Three teenagers injured in stabbing attack on Hague shopping street

At least three teenagers were wounded on Friday after a knife-wielding man went on a stabbing spree in the main shopping street of The Hague. 

Dutch police are hunting for the perpetrator after the attack near the Hudson Bay department store, which was packed with shoppers for a Black Friday sale, a police source told the Telegraph.  

The three victims were released from hospital late on Friday night, and were being questioned by police.

"All three victims of the stabbing incident in Grote Marktstraat are minors. We are in contact with their families," The Hague police said on Twitter.
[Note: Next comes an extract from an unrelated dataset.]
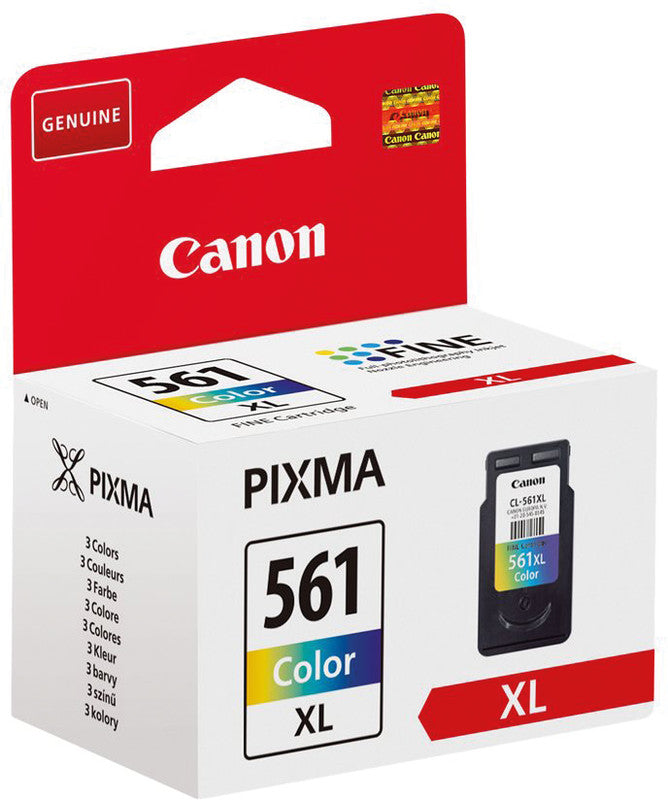 Canon Tintenpatrone CL-561XL, XL, 180 Seiten – für PIXMA-Modelle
The police did not give their ages.

A police spokesman said there is "no direct evidence to suspect terrorist attack" but added "we are keeping an open mind and looking at all possibilities".

Marije Kuiper, police spokeswoman, said no arrest has yet been made, but an urgent search is taking place.
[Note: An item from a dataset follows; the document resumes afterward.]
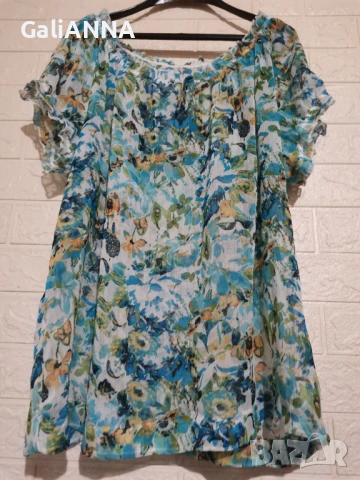 СТРАХОТНА СВЕЖА ТУНИКА 3XL, снимка 4 - Туники - 51317851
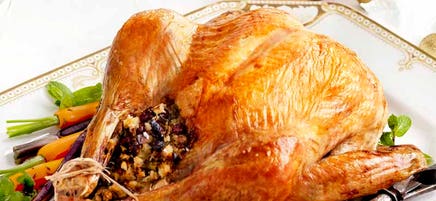 Turkey with apple, cranberry and herb stuffing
"An extensive manhunt is still underway for a man who stabbed three people and escaped by running into Hudson Bay department store," the police said.

They said that the store has an exit into a pedestrian street, which was crowded with Black Friday shoppers, and the attacker managed to escape.

The knife used in the attack was found on Friday night, thrown into a plant container.

Police were quickly on the scene after first two victims, both young women, were stabbed. But the search was hindered by hundreds of panic-stricken shoppers running through the Grote Markt Straat – the city’s main shopping street.

Maarijke den Bos said she had just come out of the department store when she heard screaming in the street.

"There was a virtual stamped with people running in every direction, ambulances arriving, and so many police," she said. 

Hundreds of people were escorted out of the shopping centre and Grotke Markt Street, a busy thoroughfare, in the wake of the incident. 

Photos posted on social media showed emergency services  and a helicopter at the scene.

The motive of the attack remains unclear. 

"We are keeping every scenario open," said Ms Kuiper.

Police sealed off a wide perimeter behind which onlookers were kept at bay.

The stabbing was also not far from parliament in The Hague, which is the seat of government for the Netherlands and home to many international organisations.

The US embassy warned its nationals in The Hague to avoid the area because of "reports of a security incident" and told them to let loved ones know they were safe.

In Britain, two members of the public were killed in a stabbing on London Bridge in the heart of the capital. The suspected attacker was then tackled by passers-by and shot dead by police.

The Netherlands has seen a series of terror attacks and plots, although not so far on the scale of those in other European countries.

In March four people were killed when a Turkish-born man opened fire on a tram in the city of Utrecht.

Dutch police on Monday arrested two suspected jihadists, one of them in The Hague, and charged them with planning a terror attack using suicide and car bombs.

Earlier this month a Pakistani man was sentenced to 10 years in jail for a plot to kill far-right Dutch politician Geert Wilders.